Freya Sawbridge was infected with Covid-19 in March 2020. Eighteen months later she still was suffering symptoms. Like other so-called long-haulers, she worries that too few of us understand the long term risks of contracting even a mild case of Covid-19.
I call George as he sits outside a psychologist’s office. The 29-year-old has been off work for four months since his “mild” Covid infection, and his disability benefits are now running out. “The irony of this whole thing,” he says, “is that I run a boutique health club. Now I’m incapacitated”. He doesn’t know when his symptoms will end or how he will pay next month’s rent.
George’s story is not atypical. The prevalence of long Covid among those who contract Covid-19 ranges between 5 and 40% of cases, but most studies pin it between 5 and 10%. Long Covid is a term coined by patients at the beginning of the pandemic when it became clear many people’s symptoms were not ending (and often worsening) after the acute infection ended. The effects are wide-ranging and can generate over 200 symptoms; fevers, dizziness, numbing, fatigue, breathing troubles, seizures and arrythmia to name a few. Ever known a cold to cause these issues months and years post-infection?
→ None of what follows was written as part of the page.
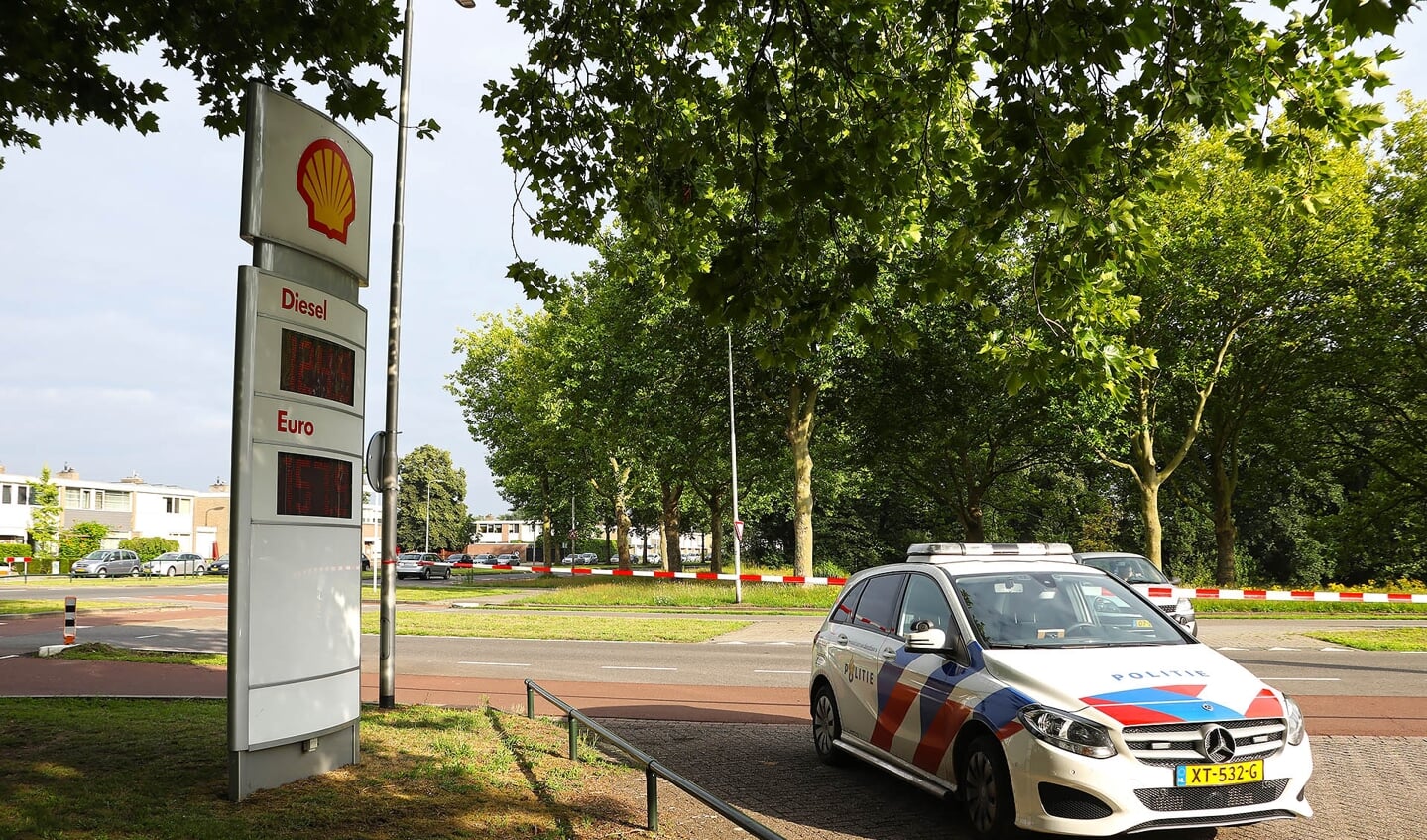 Tankstation Joost van den Vondellaan overvallen. (Foto: Gabor Heeres, Foto Mallo)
Neither have I.
The severity of the illness stretches from those who experience symptoms but can still function and live a semi-normal life to those who are completely bed bound. Either way, it is on track to become the biggest disabling event in modern history. Two million people have dealt with it in Britain since the start of the pandemic and an estimated 20 million are currently living with it in the US.
A difference from the beginning of the pandemic is that now we are armed with vaccines, but they only reduce the likelihood of long Covid by about 50%. However, the transmissibility of omicron means the number of people developing the illness is increasing, not decreasing. As Danny Altmann, professor of immunology at Imperial College London, says in The Guardian, “each 3.5 million cases becomes another 175,000 people with long Covid”.
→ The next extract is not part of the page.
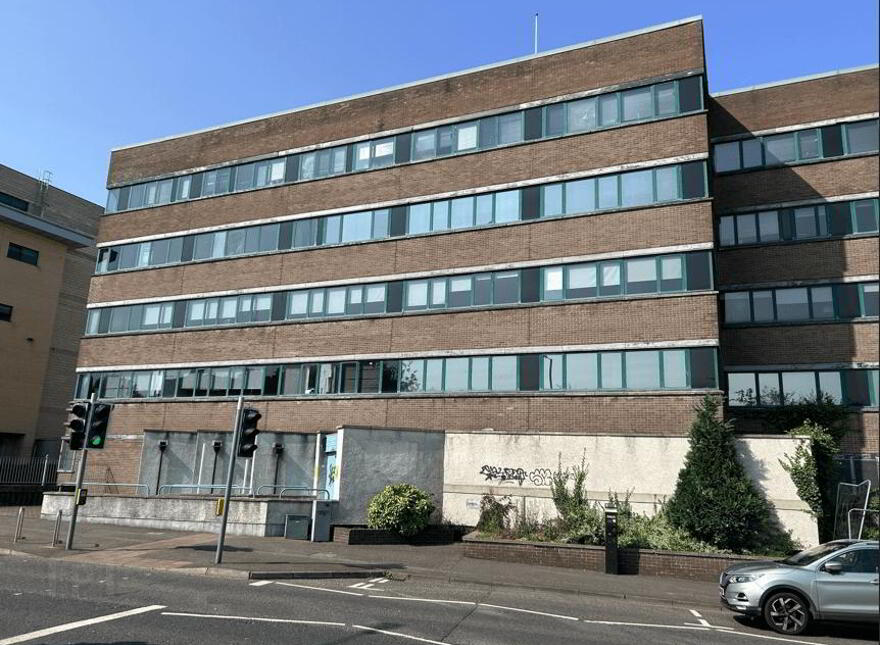 Lisburn Health Centre, 25 Linenhall Street, Lisburn, BT28 1LU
A common misconception is that only those with severe illnesses go on to develop long Covid. In reality, the opposite is true. Most of the people I spoke to had had a mild initial case and some were even asymptomatic before developing long Covid. This is why the “omicron is mild” narrative is so misleading, because people think they will be fine just because they didn’t end up in hospital.
Camille wasn’t worried when she caught Covid. She was an energetic 27-year-old, and her symptoms were so manageable that she continued her PhD study through her infection. Her symptoms abated after five days and she was relieved to have “got it over with”. One month later, something felt off. Her heart would soar to 150 just from standing up even though she was an avid runner. Her memory began lapsing and she was forgetting words mid-conversation. Then she began passing out. Her sister rushed her to the emergency department but she was told nothing could be done to help. That was 16 months ago and she is still sick. She has had to defer her PhD.
Like many other invisible disabilities, most people afflicted with long Covid don’t speak up for fear of judgement and concern over employment discrimination. Marie tried to confide in her family, but she was disbelieved. “They thought I was undergoing some psychiatric breakdown,” she tells me. You would have thought that a global pandemic would increase our empathy and make us more unified despite our individual differences. Instead, the intense politicisation of the virus has created a cycle of marginalisation. The “me and my friends were OK after Covid so why weren’t you” rhetoric has taken hold, when the logical conclusion should be “viruses affect everyone differently”.
The risk of organ damage with Covid-19 is well documented, but few people realise that damage can occur even in those who consider themselves fully recovered from infection. For example, recent findings published in the British Medical Journal revealed a 33-fold increase in the risk of blood clots and a surge in other post-Covid complications such as heart problems and strokes. Another major study comparing brain scans of people before and after a Covid infection showed greater overall brain shrinkage and damage than in an uninfected control group, regardless of severity or age.
Reinfections is another unforeseen complication of the pandemic. Many had hoped herd immunity would be achieved through a combination of exposure and vaccines but repeat infections are becoming increasingly common. You could escape long Covid after your first or even second infection, but what about the third one?
This pandemic is now two years old and the science is well established: long Covid is a real, multi-organ disease that affects far too many people to be brushed off as an unfortunate and rare side effect of the pandemic. Yet governments, medical institutions and the media are not adequately warning people of the risk. This is most likely because being honest about the prevalence of long Covid undermines a strategy of dropping all precautions and “learning to live” with the virus. The German health minister, Karl Lauterbach, is one of the few politicians consistently speaking up. In a recent tweet he warned “In a few years we will see [the] full extend of long Covid… even if the course is mild, there is a risk that life will change. Nobody likes to hear it, but that’s the way it is”.
No one wants lockdowns to return but it is imperative that we change our cavalier and arrogant thinking surrounding the pandemic and the risk of long Covid. Reducing mitigations so drastically when case numbers continue to soar will only drag more people into the world of disability. We must be transparent about the price we are paying for our freedom.
Freya Sawbridge is the New Zealand delegate to the World Health Organisation for long Covid and the administrator of the NZ Long Covid Group.